One of the good things about this wretched election cycle is that the propaganda has gotten so shitty, if it still works we'll know there's no hope.

Friday, May 27, 2016

FRIDAY 'ROUND-THE-HORN.


Yo La Tengo does John Cale. What's not to like?

•   Not yet feeling the holiday weekend zest? Then figuratively haul your sorry ass to The Sherman Oaks Review of Books which has plenty of fresh-enough content including a bagatelle by me and other yukworthy objects including "John Fogerty Doesn’t Understand This Thing Called Rain" and others. If that doesn't work, there's always liquor.

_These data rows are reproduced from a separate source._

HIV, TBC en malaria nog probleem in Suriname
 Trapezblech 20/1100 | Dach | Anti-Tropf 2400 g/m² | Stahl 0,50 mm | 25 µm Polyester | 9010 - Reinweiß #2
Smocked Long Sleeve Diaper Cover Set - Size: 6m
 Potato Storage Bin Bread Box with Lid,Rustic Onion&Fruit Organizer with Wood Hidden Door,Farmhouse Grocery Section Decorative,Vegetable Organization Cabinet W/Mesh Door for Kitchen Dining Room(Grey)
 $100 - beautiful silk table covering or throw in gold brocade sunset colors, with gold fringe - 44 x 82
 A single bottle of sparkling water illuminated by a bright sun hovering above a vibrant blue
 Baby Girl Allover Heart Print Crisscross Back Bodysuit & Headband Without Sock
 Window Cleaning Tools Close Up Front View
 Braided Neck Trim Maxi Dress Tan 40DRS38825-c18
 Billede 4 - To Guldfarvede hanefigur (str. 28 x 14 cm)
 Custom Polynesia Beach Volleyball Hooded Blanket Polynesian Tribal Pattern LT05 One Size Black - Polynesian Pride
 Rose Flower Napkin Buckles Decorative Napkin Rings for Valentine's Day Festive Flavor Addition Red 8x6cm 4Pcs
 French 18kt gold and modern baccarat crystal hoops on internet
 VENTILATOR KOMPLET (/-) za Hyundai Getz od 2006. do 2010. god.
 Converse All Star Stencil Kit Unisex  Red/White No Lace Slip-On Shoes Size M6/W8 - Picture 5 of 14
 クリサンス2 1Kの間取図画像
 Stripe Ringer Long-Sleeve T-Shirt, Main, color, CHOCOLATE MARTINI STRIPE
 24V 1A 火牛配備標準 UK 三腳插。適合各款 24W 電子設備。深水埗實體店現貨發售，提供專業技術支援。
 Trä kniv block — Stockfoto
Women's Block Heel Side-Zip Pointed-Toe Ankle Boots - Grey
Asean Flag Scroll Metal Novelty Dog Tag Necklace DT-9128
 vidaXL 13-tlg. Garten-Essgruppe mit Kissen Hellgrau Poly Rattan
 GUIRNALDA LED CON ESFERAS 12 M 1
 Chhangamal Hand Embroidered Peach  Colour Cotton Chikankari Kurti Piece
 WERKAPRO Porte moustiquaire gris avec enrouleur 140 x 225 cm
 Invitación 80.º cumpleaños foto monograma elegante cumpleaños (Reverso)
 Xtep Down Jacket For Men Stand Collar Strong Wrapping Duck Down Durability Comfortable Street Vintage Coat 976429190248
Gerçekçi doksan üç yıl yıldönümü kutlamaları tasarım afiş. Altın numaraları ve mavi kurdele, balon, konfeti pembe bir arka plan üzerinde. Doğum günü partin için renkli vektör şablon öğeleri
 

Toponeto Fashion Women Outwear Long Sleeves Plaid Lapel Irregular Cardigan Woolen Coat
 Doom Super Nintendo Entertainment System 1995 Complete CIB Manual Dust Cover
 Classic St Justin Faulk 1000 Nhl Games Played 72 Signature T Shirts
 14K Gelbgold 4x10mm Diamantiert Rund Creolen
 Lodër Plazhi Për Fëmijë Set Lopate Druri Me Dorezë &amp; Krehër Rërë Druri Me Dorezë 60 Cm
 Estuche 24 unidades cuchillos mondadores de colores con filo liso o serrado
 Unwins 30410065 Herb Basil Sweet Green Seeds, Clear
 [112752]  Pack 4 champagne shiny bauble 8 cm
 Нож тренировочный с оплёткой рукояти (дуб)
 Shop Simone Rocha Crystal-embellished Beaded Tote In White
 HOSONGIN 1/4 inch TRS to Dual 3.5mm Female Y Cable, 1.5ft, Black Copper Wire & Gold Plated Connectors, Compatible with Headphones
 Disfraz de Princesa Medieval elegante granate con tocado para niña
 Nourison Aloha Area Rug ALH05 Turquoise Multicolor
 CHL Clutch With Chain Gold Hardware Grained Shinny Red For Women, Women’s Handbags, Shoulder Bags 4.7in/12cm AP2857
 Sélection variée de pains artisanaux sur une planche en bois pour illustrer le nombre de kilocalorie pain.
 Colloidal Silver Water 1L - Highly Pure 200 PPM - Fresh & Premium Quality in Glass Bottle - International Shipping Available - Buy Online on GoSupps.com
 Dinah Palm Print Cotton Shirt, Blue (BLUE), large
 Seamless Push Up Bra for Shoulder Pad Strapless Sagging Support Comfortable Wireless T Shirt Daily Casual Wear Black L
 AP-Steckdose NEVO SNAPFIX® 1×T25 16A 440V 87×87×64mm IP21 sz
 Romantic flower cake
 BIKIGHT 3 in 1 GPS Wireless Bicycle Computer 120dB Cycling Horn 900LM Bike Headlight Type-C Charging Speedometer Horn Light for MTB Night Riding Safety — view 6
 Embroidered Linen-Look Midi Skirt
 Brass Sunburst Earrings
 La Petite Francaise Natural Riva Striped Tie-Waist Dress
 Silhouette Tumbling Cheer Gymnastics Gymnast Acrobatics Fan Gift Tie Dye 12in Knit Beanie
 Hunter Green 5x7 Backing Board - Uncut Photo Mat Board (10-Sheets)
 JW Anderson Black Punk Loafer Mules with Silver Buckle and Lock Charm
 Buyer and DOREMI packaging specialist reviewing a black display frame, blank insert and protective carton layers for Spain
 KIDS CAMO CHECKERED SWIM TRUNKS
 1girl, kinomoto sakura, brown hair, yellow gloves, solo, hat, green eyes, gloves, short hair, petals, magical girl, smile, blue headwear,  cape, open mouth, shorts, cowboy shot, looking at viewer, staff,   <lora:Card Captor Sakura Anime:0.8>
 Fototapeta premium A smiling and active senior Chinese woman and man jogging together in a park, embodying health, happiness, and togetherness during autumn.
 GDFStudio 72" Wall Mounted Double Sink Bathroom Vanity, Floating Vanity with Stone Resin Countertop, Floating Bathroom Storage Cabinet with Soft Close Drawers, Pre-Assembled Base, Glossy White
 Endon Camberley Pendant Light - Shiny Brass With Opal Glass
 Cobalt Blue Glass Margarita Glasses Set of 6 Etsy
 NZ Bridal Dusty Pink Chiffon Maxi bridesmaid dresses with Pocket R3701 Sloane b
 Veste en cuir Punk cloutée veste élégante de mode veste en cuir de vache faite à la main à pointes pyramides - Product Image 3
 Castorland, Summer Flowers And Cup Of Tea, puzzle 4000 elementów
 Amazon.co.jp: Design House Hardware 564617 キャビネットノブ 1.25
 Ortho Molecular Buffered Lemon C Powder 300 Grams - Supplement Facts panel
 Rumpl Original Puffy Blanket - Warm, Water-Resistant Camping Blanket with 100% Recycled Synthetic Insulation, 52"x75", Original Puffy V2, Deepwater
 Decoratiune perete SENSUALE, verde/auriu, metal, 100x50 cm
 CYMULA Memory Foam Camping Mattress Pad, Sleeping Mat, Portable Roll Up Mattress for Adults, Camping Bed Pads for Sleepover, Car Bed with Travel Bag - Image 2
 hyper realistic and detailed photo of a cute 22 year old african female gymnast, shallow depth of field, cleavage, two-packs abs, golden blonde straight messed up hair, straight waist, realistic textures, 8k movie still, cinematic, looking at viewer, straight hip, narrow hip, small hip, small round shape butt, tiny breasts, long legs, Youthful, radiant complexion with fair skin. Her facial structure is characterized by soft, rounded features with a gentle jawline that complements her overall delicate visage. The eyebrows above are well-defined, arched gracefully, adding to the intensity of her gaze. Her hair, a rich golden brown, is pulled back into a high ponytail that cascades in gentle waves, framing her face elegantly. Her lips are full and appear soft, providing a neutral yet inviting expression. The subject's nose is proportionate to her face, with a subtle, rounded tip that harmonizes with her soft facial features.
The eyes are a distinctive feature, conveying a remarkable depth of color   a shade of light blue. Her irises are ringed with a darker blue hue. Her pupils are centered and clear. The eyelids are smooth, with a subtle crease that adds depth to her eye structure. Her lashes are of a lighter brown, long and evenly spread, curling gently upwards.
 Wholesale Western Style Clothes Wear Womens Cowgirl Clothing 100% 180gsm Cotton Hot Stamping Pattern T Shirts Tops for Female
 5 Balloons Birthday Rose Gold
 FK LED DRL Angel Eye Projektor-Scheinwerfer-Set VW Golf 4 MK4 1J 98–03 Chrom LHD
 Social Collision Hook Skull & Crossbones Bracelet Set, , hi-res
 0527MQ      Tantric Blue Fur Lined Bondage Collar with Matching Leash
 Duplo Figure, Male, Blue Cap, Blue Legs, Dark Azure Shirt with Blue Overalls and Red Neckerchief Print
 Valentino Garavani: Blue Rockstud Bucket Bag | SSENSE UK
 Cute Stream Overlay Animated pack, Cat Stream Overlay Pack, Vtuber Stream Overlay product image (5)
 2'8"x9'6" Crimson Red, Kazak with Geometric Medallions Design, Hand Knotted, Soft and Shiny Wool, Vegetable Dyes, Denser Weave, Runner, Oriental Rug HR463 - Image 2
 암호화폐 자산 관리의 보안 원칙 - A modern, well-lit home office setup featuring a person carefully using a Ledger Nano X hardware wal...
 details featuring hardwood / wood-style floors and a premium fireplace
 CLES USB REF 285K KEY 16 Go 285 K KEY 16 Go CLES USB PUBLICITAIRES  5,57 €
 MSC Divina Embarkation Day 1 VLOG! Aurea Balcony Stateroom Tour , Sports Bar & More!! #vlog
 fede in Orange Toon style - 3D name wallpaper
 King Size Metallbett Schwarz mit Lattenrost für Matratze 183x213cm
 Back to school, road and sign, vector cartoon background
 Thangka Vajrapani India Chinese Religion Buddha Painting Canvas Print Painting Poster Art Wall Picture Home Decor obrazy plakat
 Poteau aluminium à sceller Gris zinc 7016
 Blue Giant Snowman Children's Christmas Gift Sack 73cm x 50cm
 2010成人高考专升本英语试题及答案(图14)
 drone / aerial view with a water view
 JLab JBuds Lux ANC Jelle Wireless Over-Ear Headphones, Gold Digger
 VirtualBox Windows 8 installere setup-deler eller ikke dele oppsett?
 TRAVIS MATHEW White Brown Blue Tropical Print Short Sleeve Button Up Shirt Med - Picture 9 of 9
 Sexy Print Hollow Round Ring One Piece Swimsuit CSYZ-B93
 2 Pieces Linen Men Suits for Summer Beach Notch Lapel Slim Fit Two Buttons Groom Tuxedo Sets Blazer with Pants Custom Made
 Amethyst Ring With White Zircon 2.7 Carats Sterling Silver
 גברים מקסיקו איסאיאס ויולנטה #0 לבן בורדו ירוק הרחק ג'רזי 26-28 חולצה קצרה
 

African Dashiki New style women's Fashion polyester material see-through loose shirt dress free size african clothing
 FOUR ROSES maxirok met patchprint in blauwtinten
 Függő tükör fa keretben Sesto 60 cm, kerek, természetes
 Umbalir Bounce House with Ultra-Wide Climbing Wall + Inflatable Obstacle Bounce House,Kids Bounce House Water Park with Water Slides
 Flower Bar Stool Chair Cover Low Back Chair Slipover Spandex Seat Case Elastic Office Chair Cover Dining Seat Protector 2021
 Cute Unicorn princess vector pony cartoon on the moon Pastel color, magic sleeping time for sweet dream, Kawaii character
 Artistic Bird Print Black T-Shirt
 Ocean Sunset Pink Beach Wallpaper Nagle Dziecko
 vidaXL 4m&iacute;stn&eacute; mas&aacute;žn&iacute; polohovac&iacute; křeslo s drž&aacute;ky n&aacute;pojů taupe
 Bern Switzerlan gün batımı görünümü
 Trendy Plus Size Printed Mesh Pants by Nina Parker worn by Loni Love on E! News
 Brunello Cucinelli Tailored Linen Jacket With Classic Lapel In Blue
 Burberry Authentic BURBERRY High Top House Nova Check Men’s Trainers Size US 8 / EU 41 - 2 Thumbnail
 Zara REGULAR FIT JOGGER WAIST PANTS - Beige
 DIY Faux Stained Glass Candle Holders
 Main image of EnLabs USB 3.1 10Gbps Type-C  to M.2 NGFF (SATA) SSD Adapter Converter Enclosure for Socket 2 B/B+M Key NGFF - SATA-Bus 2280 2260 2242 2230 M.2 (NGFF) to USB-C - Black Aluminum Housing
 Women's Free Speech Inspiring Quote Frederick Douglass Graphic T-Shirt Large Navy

•   Just the other day Jonah Goldberg was telling us how he'd never vote for Trump but Hillary was worse than Trump but he would never vote for Trump, wink fart. This appears to be his #NeverTrump modified limited hangout route for the election cycle.  Today Goldberg offers another example:
From the earliest days of this [email] scandal — and it is a scandal — Clinton has lied. Unlike Donald Trump’s lies, which he usually vomits up spontaneously like a vesuvian geyser, Clinton’s were carefully prepared, typed up, and repeated for all the world to hear over and over again.
I would think this is an important distinction.
Really? Why? (Besides this is how you ever got a job in the first place.)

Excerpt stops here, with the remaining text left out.